Despite their outcry over mandatory vaccinations for COVID, Republicans express no objections to vaccine mandates for other diseases, such as polio, measles, and hepatitis. When they’re asked why, they suggest that COVID isn’t as worrisome. It’s “very different from polio, [which] has very devastating effects,” says Ricketts. This is spectacularly false, and Republicans know it. At the DeSantis press conference, Rep. Kat Cammack—who has belittled COVID and downplayed the importance of vaccination—insisted that as a matter of loyalty, unvaccinated first responders should be allowed to keep their jobs, since they had bravely risked their lives by coming to the aid of numerous people infected with the virus. But if the virus posed such a risk to these heroes, why wouldn’t it pose the same risk to anyone whom they, as carriers, later encountered? And for that reason, shouldn’t they be vaccinated?

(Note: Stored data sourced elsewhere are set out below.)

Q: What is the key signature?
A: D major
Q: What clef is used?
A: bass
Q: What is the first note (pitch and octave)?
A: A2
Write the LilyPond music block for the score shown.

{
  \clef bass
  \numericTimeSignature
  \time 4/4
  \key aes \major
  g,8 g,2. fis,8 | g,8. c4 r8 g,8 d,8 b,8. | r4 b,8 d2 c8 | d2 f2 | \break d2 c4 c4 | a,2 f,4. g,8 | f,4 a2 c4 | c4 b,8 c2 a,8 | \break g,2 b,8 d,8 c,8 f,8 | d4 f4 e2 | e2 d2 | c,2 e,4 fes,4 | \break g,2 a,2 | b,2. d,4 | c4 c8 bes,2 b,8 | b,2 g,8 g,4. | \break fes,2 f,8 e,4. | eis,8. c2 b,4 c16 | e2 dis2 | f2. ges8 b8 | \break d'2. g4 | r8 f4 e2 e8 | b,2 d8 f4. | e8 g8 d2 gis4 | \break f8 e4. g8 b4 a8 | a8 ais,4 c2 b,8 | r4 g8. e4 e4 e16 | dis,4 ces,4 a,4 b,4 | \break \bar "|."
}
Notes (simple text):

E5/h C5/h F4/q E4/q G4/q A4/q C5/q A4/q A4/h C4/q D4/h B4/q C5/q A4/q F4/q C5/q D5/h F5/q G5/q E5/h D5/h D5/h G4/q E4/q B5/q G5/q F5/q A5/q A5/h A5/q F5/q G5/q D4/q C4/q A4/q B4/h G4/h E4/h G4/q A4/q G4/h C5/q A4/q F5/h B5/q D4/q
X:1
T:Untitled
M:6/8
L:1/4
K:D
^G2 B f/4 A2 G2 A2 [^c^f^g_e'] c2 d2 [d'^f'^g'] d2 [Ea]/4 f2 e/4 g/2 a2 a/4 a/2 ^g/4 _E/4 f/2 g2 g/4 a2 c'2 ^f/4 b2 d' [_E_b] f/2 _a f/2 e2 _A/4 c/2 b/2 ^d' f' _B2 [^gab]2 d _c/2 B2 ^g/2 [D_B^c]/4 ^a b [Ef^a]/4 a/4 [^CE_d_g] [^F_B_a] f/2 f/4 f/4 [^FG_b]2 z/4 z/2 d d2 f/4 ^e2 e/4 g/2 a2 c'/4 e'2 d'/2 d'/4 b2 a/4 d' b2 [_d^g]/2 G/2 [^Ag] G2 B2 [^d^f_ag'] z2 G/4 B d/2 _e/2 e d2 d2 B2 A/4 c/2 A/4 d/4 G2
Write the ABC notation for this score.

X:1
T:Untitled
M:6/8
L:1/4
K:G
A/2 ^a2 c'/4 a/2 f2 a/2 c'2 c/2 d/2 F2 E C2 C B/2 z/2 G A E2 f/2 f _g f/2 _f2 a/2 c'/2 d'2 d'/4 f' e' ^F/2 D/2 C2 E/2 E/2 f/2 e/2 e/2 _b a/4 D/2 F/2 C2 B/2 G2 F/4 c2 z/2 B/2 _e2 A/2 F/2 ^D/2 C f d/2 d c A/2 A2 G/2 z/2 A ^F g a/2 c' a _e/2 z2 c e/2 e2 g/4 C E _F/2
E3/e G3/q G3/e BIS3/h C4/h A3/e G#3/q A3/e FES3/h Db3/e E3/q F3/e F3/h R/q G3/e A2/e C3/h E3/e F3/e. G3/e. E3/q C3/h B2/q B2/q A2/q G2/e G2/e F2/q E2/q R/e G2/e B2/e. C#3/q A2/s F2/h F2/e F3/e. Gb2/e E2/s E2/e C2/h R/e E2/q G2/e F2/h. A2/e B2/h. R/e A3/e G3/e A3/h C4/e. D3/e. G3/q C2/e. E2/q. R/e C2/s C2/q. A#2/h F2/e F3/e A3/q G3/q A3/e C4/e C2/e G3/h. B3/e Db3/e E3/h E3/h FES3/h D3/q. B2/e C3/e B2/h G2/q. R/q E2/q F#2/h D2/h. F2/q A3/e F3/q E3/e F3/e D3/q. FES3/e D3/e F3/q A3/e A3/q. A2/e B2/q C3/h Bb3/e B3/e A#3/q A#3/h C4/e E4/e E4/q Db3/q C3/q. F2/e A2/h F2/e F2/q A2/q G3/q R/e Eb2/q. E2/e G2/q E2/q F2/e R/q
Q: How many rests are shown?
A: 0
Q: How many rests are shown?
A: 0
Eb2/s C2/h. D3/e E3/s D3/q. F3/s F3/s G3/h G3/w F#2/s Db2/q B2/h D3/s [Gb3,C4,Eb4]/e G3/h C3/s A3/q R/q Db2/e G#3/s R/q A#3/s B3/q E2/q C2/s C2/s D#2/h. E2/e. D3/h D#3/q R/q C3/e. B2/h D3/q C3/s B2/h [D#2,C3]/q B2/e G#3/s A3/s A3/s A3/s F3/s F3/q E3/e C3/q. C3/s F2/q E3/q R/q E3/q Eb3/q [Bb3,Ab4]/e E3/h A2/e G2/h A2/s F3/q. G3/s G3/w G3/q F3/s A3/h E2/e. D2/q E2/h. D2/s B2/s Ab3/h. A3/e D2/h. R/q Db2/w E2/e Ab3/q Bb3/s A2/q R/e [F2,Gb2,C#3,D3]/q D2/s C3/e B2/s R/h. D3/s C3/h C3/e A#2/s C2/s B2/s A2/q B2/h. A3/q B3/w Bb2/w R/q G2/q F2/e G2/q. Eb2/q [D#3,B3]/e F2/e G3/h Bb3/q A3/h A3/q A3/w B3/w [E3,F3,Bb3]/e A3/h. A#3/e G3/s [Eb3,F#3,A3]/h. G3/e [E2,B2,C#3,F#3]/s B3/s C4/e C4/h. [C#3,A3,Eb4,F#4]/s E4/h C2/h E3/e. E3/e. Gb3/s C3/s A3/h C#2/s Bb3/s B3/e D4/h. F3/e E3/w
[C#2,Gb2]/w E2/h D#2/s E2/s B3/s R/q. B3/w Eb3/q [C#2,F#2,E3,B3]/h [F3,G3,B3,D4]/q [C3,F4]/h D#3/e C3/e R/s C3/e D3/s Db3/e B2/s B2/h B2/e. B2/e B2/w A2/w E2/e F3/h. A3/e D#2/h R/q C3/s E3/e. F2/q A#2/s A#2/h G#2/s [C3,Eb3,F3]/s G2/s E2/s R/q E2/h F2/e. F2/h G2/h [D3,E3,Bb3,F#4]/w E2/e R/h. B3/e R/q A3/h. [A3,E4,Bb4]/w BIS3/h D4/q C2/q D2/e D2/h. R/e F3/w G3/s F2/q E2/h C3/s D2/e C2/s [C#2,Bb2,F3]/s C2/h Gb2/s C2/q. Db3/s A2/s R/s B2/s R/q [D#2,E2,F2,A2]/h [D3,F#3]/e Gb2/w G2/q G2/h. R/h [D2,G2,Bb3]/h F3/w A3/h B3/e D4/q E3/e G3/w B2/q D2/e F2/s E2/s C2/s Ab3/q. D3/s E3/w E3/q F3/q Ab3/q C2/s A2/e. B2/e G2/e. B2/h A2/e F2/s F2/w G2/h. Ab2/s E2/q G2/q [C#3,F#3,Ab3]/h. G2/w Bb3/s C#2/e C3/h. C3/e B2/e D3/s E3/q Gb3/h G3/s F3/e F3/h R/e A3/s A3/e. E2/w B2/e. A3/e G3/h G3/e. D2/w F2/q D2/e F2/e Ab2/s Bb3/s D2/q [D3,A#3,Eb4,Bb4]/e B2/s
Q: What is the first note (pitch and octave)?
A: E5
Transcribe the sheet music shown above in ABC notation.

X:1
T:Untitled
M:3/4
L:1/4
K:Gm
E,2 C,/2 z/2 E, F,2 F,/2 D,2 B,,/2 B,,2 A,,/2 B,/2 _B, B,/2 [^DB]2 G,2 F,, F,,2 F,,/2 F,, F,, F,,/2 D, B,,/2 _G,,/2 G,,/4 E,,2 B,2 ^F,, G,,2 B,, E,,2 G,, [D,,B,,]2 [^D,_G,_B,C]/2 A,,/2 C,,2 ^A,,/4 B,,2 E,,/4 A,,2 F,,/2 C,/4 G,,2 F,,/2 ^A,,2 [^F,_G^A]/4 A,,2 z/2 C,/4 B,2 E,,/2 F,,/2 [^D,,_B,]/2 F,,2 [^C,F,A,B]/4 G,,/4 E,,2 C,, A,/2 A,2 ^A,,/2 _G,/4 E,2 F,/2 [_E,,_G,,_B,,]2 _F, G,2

Politicians on the right also argue that COVID vaccines, unlike vaccines for other diseases, should remain voluntary because they’re widely distrusted. But this argument is circular, because the same politicians are inciting that distrust. Last week, in a statement against Biden’s mandate, Sen. Ron Johnson said the president had failed to “answer basic questions regarding [COVID] vaccine safety.” On Monday, Rep. Ronny Jackson told Fox News viewers that the vaccines’ long-term effects were unknown and that Jackson had agreed to get a COVID shot only under duress. On Tuesday, the first speaker at DeSantis’ anti-mandate press conference asserted, falsely, that “the vaccine changes your RNA.” DeSantis, standing next to him, said nothing.
Republicans have been particularly cynical in their complaints about Biden’s failure to control the pandemic. They say he hasn’t done enough, yet they refuse to let him do more. Ronna McDaniel, the chair of the Republican National Committee, says the president “failed to shut down the virus” because he “failed to get people vaccinated.” At the same time, she says the RNC will sue to block the vaccine mandate. Gov. Doug Ducey of Arizona vows to “pursue every legal and administrative option” against the mandate, even as he blames Biden for a “plummeting rate of vaccinations.” Georgia Gov. Brian Kemp and former Arkansas Gov. Mike Huckabee grouse that if Biden were serious about the mandate, he would have imposed it three months ago and would have extended it to smaller companies. They also argue that the mandate shouldn’t exist.
Some of these objections are more sensible than others. But all of them are insincere. You can’t reject mandates while complaining that voluntary vaccination has produced unacceptable results. You can’t argue that vaccination policies must be left to employers unless politicians disagree. You can’t sow distrust of vaccines and then plead that the vaccines should be optional because people don’t trust them. A party that plays such games isn’t a party of liberty, free enterprise, or public safety. It’s just a party of opposition.